Sus alergias urbanas parecen haber quedado atrás en este rincón de la tierra, donde el contacto con la naturaleza la ha sanado y le ha permitido olvidarse de su existencia para respirar de nuevo. Respira junto con las gallinas ponedoras y los sapos del apantle.
En esta latitud no se esconden los problemas ni cesan las tormentas, las goteras o los disparos que retumban entre las montañas. Las historias trágicas son parte de una narrativa cotidiana sobre el acontecer del pueblo, como hombres que parten, mueren o se sumen en la embriaguez. Nahuales, animales ferales y narcos se entrelazan, junto con sirenas rurales, en mágicas historias cuya veracidad no cuestionaré. Algunos hombres, tras su odisea, regresan para pedir perdón y se revuelcan ante las mujeres que sostuvieron el hogar mientras ellos acallaban las voces que les insistían en huir.
Pero mi madre ya no quiere huir, ha dejado atrás patrias, hogares y refugios. Ahora, construye su propio espacio bajo el vuelo de los zopilotes, ella suele recordarnos que los humanos también somos carroñeros, nos alimentamos de lo muerto y en descomposición.
Su casa está en un punto intermedio entre dos pueblos, rodeada de amates, un río y una carretera. En esta región, la caña se cosecha año tras año. La zafra es una cita inquebrantable, un proceso que consume a los hombres, llenándoles las manos de callos y los órganos de tizne. La zafra no falta, es puntual y no perdona. Los pulmones se corroen, los bichos pican y hacen lo suyo. La tierra se desgasta de tanta quema, de tanta exigencia, de tanto producir. La ceniza se posa en los ojos, en los ríos y en las montañas, como un hilo negro que cae lentamente del cielo y cubre la tierra. La zafra comienza y los hombres no descansan, la maquinaria tampoco. Mecanismo incansable que exprime, aplastada, destroza y escupe bagazo.

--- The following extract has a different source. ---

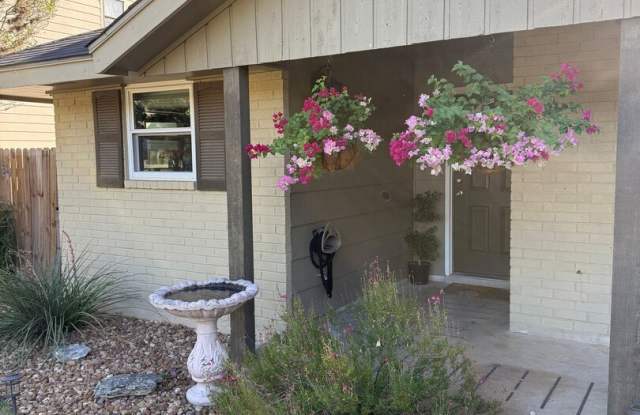 135 Oak Grove - 135 Oak Grove Drive, Boerne, TX 78006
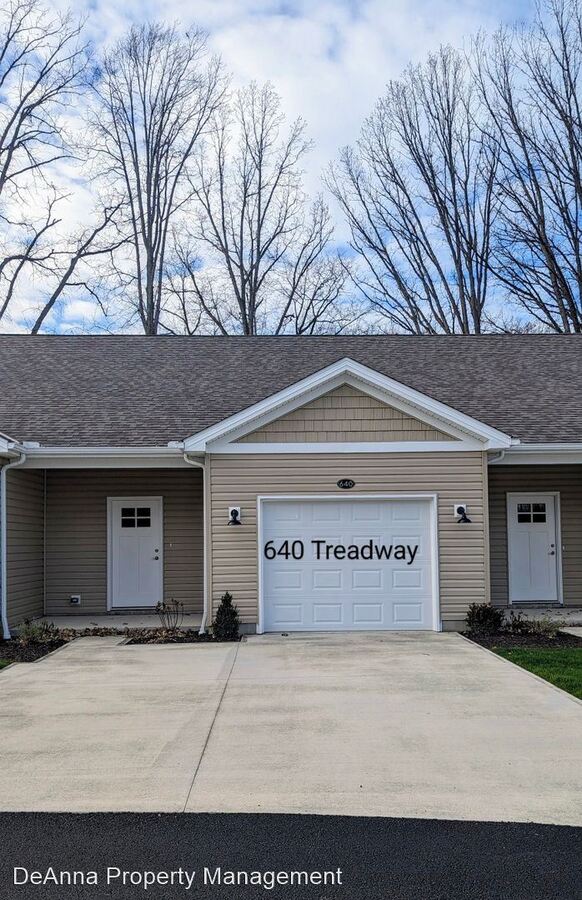 2 Bedroom Ranch Treadway Ponds Apartments Sheffield Lake, OH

En esta latitud veo a mis padres entregados a la lectura y a la vida en el campo, una especie de retiro monástico donde el tiempo transcurre con la lentitud de la granja. Hacen lo que todos deberíamos, enfocarse en el palpitar de la tierra y en una milpa. Mientras escribo estas líneas, se dispara el recuerdo errante de unos padres que solían quemarlo todo, arder en sí y en otros, como la zafra. Pienso en las incansables luchas de su generación por la libertad y la justicia. Hoy, su revolución se encuentra en la calma de la vida rural, en la cosecha que esperan con anhelo y en la atención constante al clima y sus misterios. En esta nueva latitud está arraigada y echa raíces mi madre.